The GMC admitted in a private hearing that Canadian authorities had told them in 1985 that Richard Neale had been struck off there for malpractice.
However, the surgeon was allowed to carry on working in Yorkshire for well over a decade.
Hundreds of women say that he left them maimed after botched operations.
Now a 300-strong support group is planning to sue the GMC over its failure to notice that Neale was employed in the UK, at the Friarage Hospital in Northallerton.
It told an inquiry on Wednesday that while its Canadian counterpart passed on a warning about him in the 1980s, it did not realise that he had already moved to the UK.
Stop list
Instead, the GMC put the name on a "stop list" designed to alert them if he had arrived in the UK subsequently and applied for permission to work.
It was not until 2000 that he was found guilty of 34 charges of incompetence and bad practice relating to 12 women and struck off by the GMC.
Many of them told the GMC how they had been left in permanent pain following botched operations.
Graham Maloney, who runs a support group for more than 300 women who claim they have been damaged by Neale, said that he was surprised it had taken the GMC so long to admit the nature of the error.
He told BBC News Online: "It has taken so much effort to get the truth out about this.
"The GMC is meant to be protecting its patients but it just isn't doing that.

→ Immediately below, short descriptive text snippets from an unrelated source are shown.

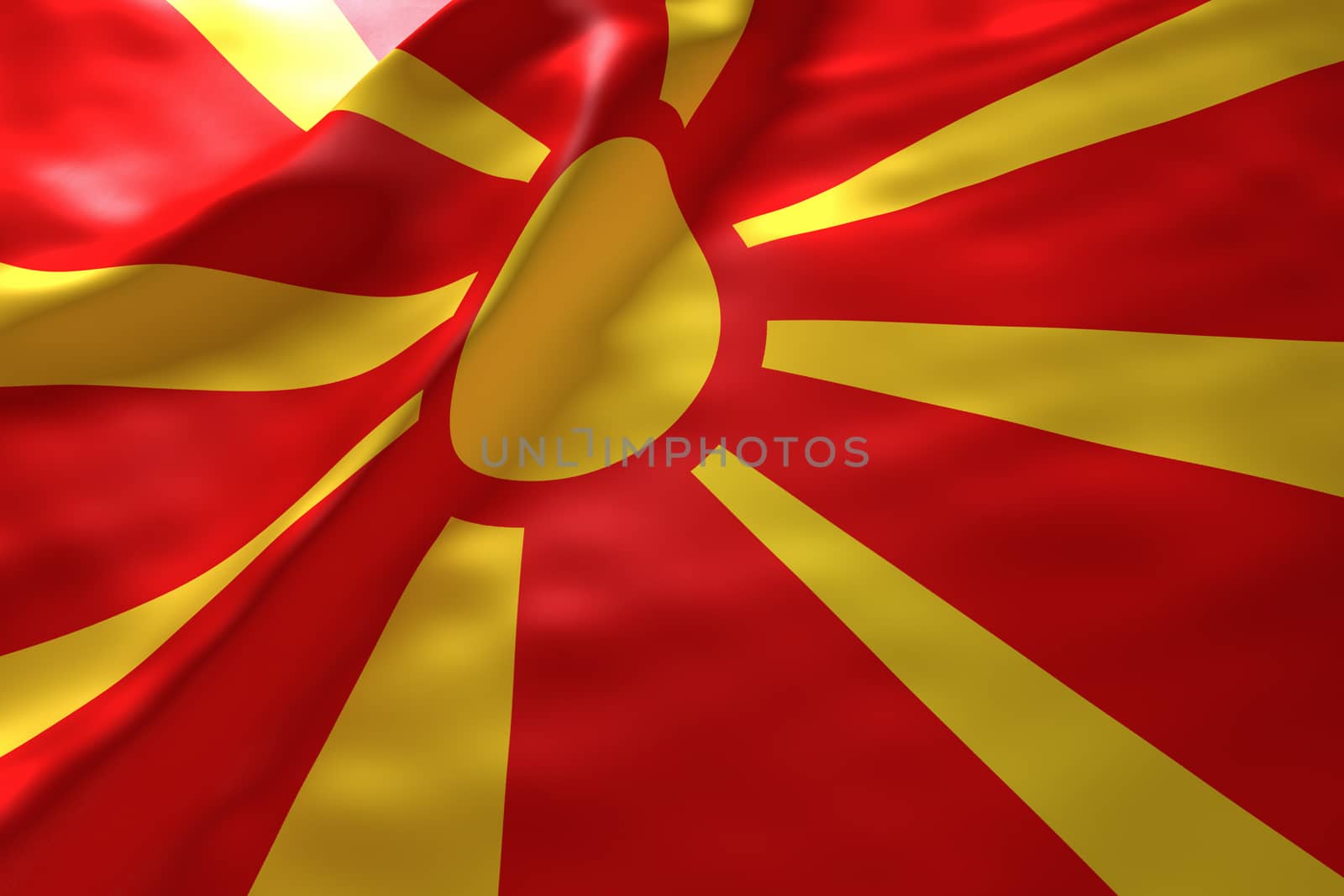 Macedonia flag background by chingraph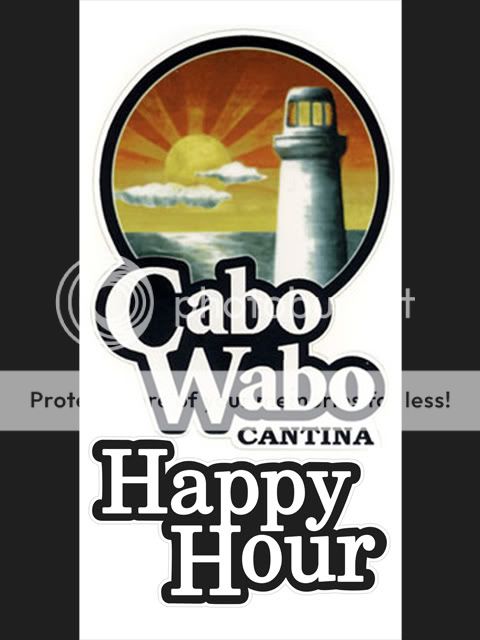 vn119 Cabo Wabo Tequila Happy Hour Banner Pub Bar Sign  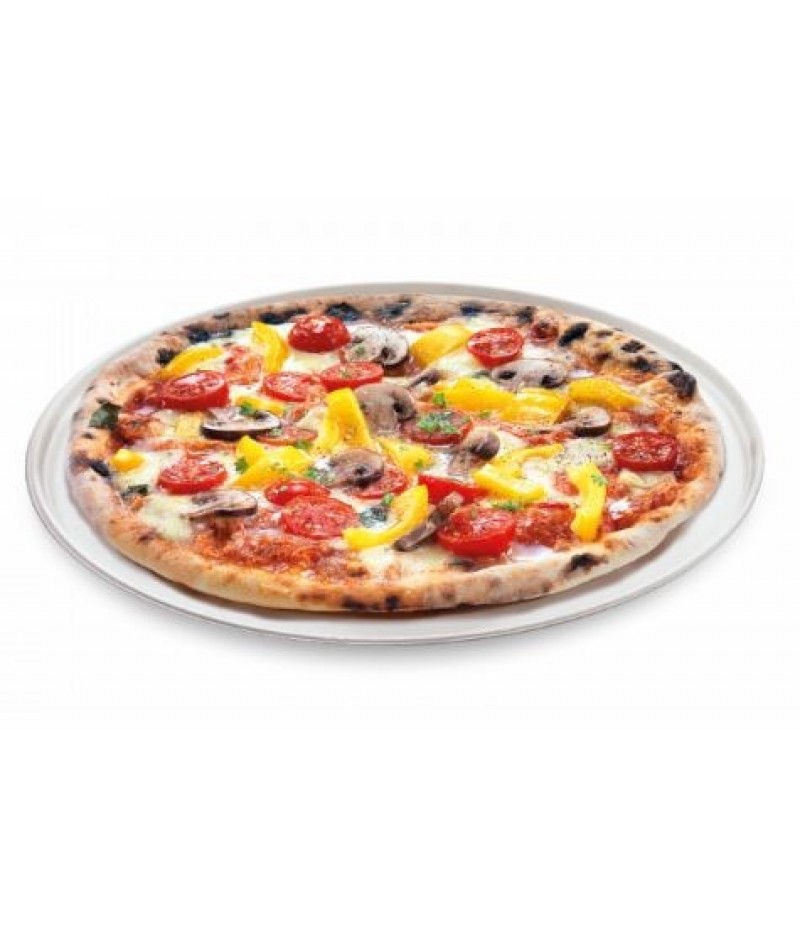 Bord Suikerriet Wit Pizza 32,5cm 50 Stuks 42332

"Now we are taking legal advice on whether we can sue the GMC for their incompetence."
No connection
A spokesman for the GMC confirmed that it had told the inquiry about the blunder.
A spokesman said: "It appears that while we did receive notification from the Canadian authorities that they had struck off a Dr Neale, we didn't connect it with the same Dr Neale on our register.
"It was treated as relating to someone who may be planning to join the register as the notification did not state Dr Neale had UK qualifications and was registered with us."
She refused to comment further on the GMC evidence to the inquiry on the grounds of confidentiality.